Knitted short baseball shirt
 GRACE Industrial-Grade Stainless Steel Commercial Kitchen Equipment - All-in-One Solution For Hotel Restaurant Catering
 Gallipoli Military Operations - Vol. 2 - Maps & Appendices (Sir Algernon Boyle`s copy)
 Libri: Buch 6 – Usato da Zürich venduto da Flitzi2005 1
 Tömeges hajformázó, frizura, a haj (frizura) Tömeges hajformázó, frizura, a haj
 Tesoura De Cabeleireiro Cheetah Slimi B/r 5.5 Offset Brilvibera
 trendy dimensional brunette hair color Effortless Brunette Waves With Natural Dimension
● ● ● ● ● ● ●
(WORK INSTRUCTIONS) The response must contain exactly the lines from the one with "Tömeges hajformázó, frizura, a haj (frizura)" through the last line of the material above, both ends included, and no others.

(ANSWER SECTION)
 Tömeges hajformázó, frizura, a haj (frizura) Tömeges hajformázó, frizura, a haj
 Tesoura De Cabeleireiro Cheetah Slimi B/r 5.5 Offset Brilvibera
 trendy dimensional brunette hair color Effortless Brunette Waves With Natural Dimension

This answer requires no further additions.